=== Exercise instructions ===
Output the run of lines that opens with the first line of the material below and closes with the line containing "NÉONOÉ MM Monogram Coated Canvas Brown", both included, and drop the pictures.

── Given information ──

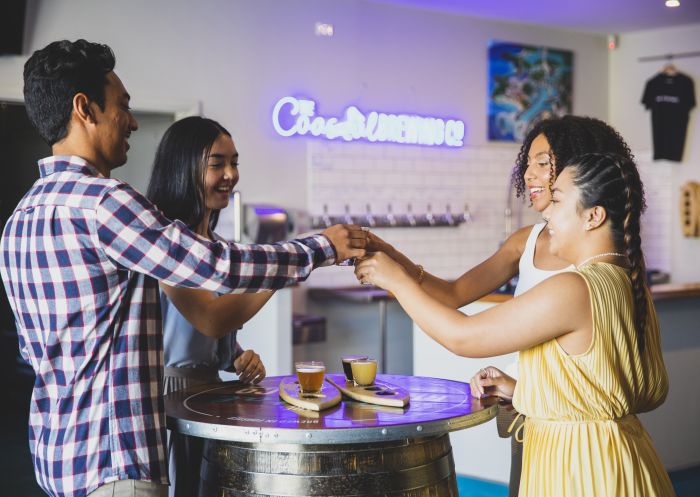 Friends enjoying a flight of beer at The Coastal Brewing Company, Forster
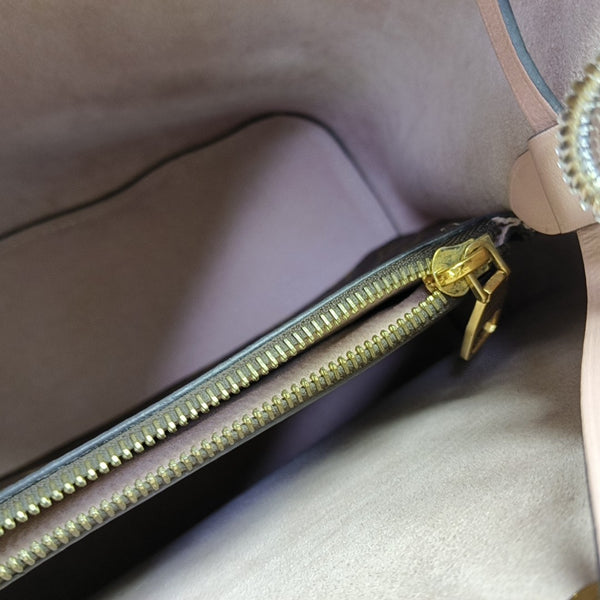 NÉONOÉ MM Monogram Coated Canvas Brown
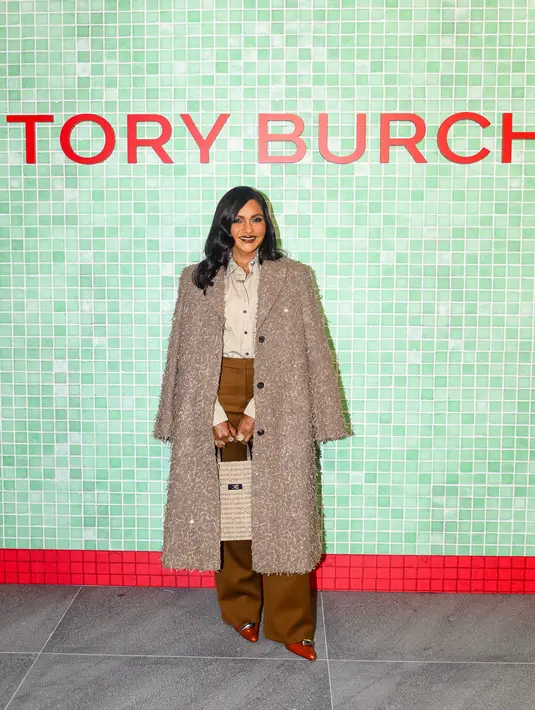 Mindy Kaling mengenakan koleksi Fall/Winter 2024 Look 2 Sequined Coat, dan the Striped Poplin Shirt, Wool Twill Pant, Pierced XL Pump, Lee Radziwill Sublime Shopper Tote, serta Eleanor Oversized Metal Square Sunglasses.  [Dok/Tory Burch].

───

=== Response ===
 Friends enjoying a flight of beer at The Coastal Brewing Company, Forster
 NÉONOÉ MM Monogram Coated Canvas Brown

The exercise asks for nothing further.